■ TRY IT ■
Word for word, copy the lines from the one with "BOSS BOSS Kurzarm-Hemd LAPOULLY Relaxed Fit" to the last line of the data below, counting both, and keep every picture out.

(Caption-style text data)
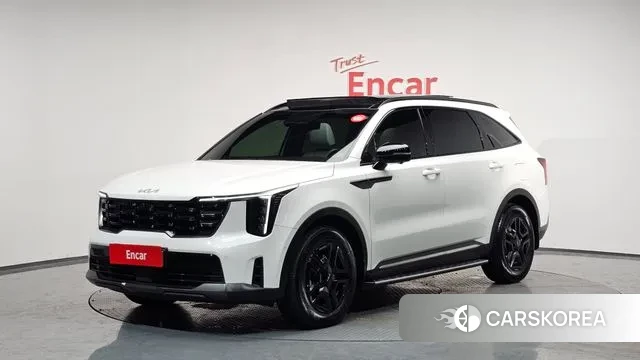 Kia The New Sorento 4th Generation 2023 Белый из Кореи
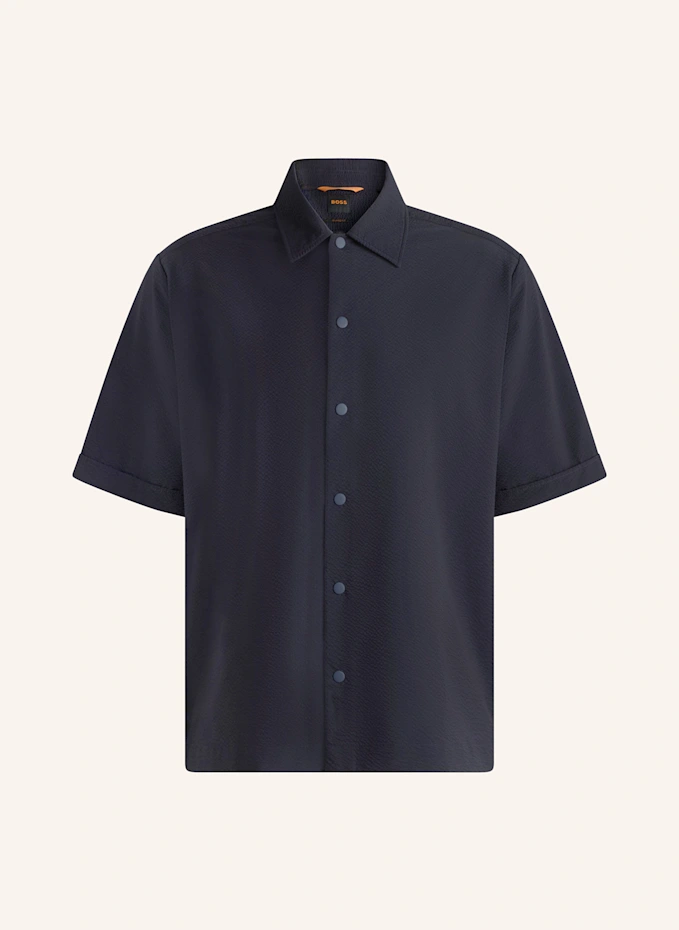 BOSS BOSS Kurzarm-Hemd LAPOULLY Relaxed Fit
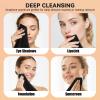 Ditoi Face Towels, Disposable Black Paper Towels, Light Exfoliation for Oily Skin,Facial Towels XL for Makeup Remover & Skincare,10"12", 50 Count view 4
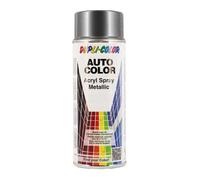 Bombe de peinture acrylique métallisée - Gris métallisé - Duplicolor - 400 ml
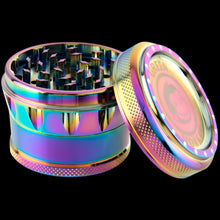 Load image into Gallery viewer, Green Monkey Tamarin Grinder 70mm Rainbow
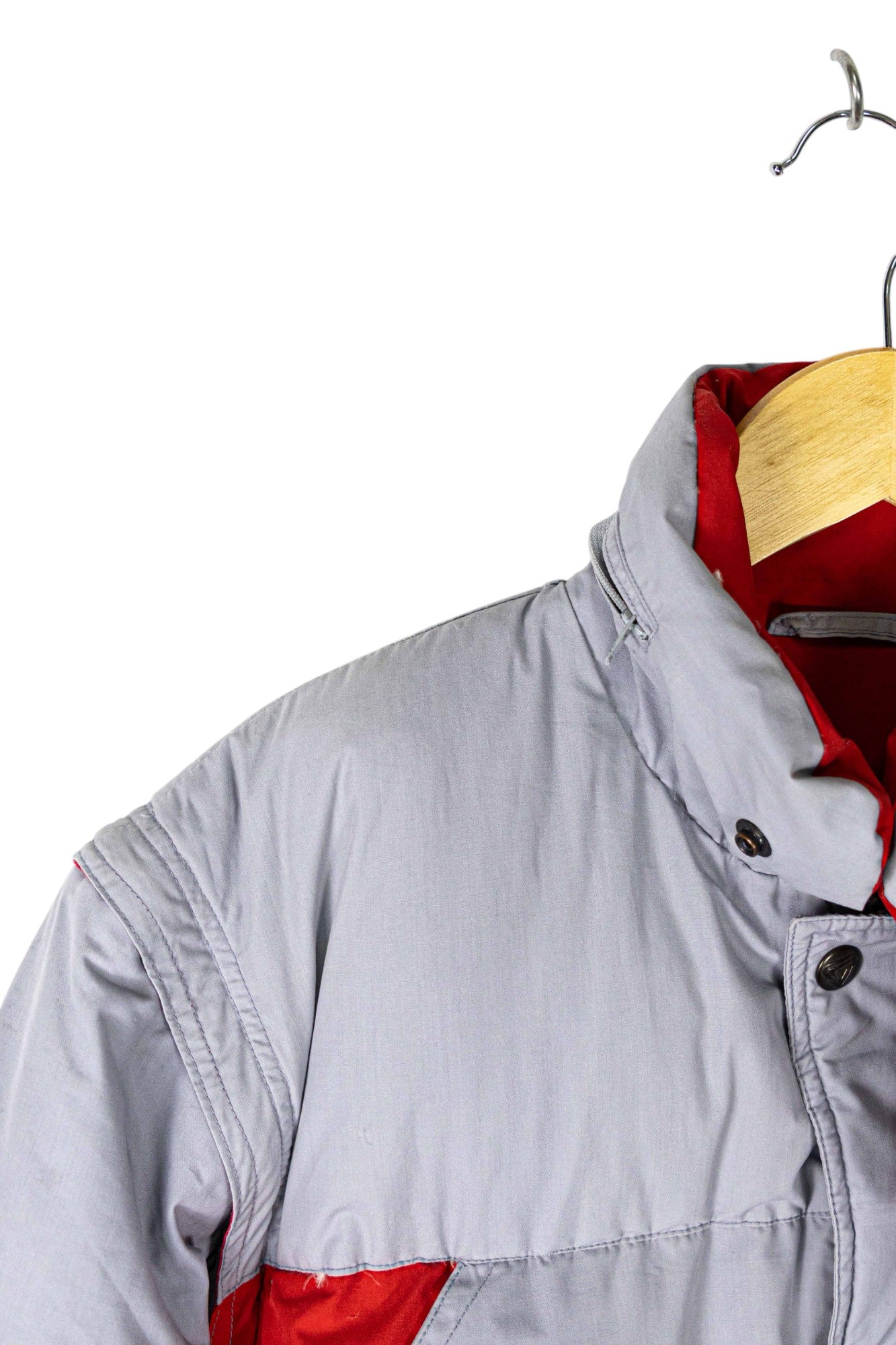 Dolomite Grey Puffer Jacket/Gilet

■ EXERCISE RESPONSE ■
 BOSS BOSS Kurzarm-Hemd LAPOULLY Relaxed Fit
 Ditoi Face Towels, Disposable Black Paper Towels, Light Exfoliation for Oily Skin,Facial Towels XL for Makeup Remover & Skincare,10"12", 50 Count view 4
 Bombe de peinture acrylique métallisée - Gris métallisé - Duplicolor - 400 ml
 Load image into Gallery viewer, Green Monkey Tamarin Grinder 70mm Rainbow
 Dolomite Grey Puffer Jacket/Gilet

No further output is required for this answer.